**Your instructions:** Copy out the entries below exactly as they stand, but only from the line containing "Used 2011 Chrysler" through the line containing "Angela, asesora de ventas en Medellín".

**Entries supplied:**
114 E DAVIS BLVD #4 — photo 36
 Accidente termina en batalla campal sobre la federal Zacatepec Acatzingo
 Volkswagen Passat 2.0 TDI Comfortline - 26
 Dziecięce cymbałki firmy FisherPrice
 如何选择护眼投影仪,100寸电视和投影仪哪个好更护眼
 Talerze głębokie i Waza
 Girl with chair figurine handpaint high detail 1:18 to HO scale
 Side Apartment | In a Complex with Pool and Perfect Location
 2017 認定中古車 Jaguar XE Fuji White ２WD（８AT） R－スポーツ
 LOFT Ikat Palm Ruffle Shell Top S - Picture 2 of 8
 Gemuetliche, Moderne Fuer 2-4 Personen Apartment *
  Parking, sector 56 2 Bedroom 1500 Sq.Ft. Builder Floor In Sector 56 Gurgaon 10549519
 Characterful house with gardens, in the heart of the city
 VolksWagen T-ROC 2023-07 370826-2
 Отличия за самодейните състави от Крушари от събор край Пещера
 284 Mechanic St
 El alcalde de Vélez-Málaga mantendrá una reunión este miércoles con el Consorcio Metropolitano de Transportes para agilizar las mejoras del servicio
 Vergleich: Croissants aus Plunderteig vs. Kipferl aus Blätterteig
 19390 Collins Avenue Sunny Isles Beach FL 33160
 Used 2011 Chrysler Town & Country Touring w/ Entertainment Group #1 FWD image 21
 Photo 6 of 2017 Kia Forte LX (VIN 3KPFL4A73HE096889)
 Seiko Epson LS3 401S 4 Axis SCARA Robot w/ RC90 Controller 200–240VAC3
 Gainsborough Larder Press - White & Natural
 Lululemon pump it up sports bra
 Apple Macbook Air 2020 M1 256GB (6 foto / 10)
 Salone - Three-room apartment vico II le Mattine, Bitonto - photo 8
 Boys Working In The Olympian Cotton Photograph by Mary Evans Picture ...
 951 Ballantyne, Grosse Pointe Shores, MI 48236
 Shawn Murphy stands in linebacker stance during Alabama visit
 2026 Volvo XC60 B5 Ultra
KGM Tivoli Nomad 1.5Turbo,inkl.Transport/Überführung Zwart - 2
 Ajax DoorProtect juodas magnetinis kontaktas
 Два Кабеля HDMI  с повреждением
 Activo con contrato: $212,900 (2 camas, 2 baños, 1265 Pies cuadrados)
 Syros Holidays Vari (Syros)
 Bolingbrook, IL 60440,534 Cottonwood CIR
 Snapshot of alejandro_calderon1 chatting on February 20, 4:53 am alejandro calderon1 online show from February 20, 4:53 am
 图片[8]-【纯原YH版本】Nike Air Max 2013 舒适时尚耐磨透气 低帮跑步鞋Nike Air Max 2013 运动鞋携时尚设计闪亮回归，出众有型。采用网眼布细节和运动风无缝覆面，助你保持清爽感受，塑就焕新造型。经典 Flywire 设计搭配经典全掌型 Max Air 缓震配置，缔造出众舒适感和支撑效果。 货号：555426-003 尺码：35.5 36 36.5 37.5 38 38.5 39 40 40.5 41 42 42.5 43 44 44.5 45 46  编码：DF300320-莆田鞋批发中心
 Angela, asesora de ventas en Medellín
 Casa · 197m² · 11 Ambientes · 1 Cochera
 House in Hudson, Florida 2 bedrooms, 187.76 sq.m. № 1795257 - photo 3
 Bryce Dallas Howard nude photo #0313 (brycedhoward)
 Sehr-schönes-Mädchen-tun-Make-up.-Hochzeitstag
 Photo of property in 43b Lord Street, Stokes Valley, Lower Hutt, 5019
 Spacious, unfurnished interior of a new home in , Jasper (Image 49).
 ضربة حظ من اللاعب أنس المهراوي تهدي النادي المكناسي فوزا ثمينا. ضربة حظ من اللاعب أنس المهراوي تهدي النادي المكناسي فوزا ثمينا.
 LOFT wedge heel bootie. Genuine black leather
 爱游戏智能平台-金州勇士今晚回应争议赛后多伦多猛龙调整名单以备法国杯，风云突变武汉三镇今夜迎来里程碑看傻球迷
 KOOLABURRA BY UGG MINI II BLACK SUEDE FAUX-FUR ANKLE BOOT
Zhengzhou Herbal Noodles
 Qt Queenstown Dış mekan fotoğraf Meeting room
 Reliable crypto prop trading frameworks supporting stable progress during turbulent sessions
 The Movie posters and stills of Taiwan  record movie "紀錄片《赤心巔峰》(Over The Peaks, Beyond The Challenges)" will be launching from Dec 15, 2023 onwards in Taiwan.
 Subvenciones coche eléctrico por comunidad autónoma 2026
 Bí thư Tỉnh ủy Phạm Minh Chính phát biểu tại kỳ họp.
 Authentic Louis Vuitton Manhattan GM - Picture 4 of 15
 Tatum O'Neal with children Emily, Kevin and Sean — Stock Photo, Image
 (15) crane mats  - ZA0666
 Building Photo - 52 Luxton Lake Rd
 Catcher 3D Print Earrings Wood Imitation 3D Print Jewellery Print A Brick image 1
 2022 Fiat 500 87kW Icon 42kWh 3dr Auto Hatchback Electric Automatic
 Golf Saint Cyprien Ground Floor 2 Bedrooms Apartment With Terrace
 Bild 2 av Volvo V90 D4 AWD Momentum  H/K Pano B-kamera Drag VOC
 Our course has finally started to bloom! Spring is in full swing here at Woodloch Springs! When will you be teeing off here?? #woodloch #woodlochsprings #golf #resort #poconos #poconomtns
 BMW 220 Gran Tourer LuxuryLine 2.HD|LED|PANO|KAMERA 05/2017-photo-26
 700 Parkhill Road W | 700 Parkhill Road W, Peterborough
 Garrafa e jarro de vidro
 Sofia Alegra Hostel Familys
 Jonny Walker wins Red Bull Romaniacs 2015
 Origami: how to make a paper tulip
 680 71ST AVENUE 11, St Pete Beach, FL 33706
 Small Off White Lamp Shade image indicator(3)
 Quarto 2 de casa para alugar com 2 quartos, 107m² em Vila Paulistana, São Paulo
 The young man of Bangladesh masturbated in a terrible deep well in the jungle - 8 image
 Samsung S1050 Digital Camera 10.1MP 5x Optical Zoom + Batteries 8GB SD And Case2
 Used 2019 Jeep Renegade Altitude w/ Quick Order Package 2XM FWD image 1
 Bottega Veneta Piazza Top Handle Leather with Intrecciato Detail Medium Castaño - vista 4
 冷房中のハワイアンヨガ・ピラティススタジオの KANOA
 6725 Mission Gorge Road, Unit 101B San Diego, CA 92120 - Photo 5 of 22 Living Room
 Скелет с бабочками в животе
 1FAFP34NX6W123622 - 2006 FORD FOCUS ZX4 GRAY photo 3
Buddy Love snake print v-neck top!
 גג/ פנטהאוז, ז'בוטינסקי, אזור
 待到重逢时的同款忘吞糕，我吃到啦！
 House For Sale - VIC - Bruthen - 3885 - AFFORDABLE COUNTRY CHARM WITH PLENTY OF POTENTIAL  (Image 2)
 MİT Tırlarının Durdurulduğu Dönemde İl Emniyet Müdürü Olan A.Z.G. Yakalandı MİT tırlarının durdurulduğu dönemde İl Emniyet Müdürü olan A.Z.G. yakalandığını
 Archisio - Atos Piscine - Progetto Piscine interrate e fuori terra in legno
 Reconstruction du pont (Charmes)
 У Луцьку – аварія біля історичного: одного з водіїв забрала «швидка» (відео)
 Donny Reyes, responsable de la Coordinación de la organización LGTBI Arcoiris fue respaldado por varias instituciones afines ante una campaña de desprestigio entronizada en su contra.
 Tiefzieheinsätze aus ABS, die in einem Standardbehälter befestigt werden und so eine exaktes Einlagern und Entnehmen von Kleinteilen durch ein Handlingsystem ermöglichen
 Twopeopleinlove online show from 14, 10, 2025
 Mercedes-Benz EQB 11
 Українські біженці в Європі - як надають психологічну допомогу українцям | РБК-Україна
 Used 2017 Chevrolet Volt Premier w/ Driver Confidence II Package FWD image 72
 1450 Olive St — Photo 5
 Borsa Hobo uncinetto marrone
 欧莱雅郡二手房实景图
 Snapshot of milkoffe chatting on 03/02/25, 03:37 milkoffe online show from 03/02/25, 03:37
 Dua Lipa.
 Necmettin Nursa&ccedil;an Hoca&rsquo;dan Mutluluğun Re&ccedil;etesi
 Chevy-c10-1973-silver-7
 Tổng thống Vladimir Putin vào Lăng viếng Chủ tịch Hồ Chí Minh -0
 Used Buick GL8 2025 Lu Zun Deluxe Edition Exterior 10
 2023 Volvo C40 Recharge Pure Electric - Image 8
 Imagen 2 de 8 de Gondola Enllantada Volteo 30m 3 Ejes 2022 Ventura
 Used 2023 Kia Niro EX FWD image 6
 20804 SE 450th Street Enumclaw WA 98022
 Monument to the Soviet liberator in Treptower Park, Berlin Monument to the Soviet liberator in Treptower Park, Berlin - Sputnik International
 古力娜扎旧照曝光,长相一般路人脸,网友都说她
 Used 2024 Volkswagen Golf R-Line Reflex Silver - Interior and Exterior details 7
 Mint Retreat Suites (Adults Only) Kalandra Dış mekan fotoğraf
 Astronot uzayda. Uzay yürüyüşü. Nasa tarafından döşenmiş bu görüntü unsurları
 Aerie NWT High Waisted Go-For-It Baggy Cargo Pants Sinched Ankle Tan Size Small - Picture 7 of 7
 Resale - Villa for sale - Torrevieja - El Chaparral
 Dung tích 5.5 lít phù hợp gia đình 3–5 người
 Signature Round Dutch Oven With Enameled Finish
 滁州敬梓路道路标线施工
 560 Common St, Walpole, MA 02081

**Problem solution:**
 Used 2011 Chrysler Town & Country Touring w/ Entertainment Group #1 FWD image 21
 Photo 6 of 2017 Kia Forte LX (VIN 3KPFL4A73HE096889)
 Seiko Epson LS3 401S 4 Axis SCARA Robot w/ RC90 Controller 200–240VAC3
 Gainsborough Larder Press - White & Natural
 Lululemon pump it up sports bra
 Apple Macbook Air 2020 M1 256GB (6 foto / 10)
 Salone - Three-room apartment vico II le Mattine, Bitonto - photo 8
 Boys Working In The Olympian Cotton Photograph by Mary Evans Picture ...
 951 Ballantyne, Grosse Pointe Shores, MI 48236
 Shawn Murphy stands in linebacker stance during Alabama visit
 2026 Volvo XC60 B5 Ultra
KGM Tivoli Nomad 1.5Turbo,inkl.Transport/Überführung Zwart - 2
 Ajax DoorProtect juodas magnetinis kontaktas
 Два Кабеля HDMI  с повреждением
 Activo con contrato: $212,900 (2 camas, 2 baños, 1265 Pies cuadrados)
 Syros Holidays Vari (Syros)
 Bolingbrook, IL 60440,534 Cottonwood CIR
 Snapshot of alejandro_calderon1 chatting on February 20, 4:53 am alejandro calderon1 online show from February 20, 4:53 am
 图片[8]-【纯原YH版本】Nike Air Max 2013 舒适时尚耐磨透气 低帮跑步鞋Nike Air Max 2013 运动鞋携时尚设计闪亮回归，出众有型。采用网眼布细节和运动风无缝覆面，助你保持清爽感受，塑就焕新造型。经典 Flywire 设计搭配经典全掌型 Max Air 缓震配置，缔造出众舒适感和支撑效果。 货号：555426-003 尺码：35.5 36 36.5 37.5 38 38.5 39 40 40.5 41 42 42.5 43 44 44.5 45 46  编码：DF300320-莆田鞋批发中心
 Angela, asesora de ventas en Medellín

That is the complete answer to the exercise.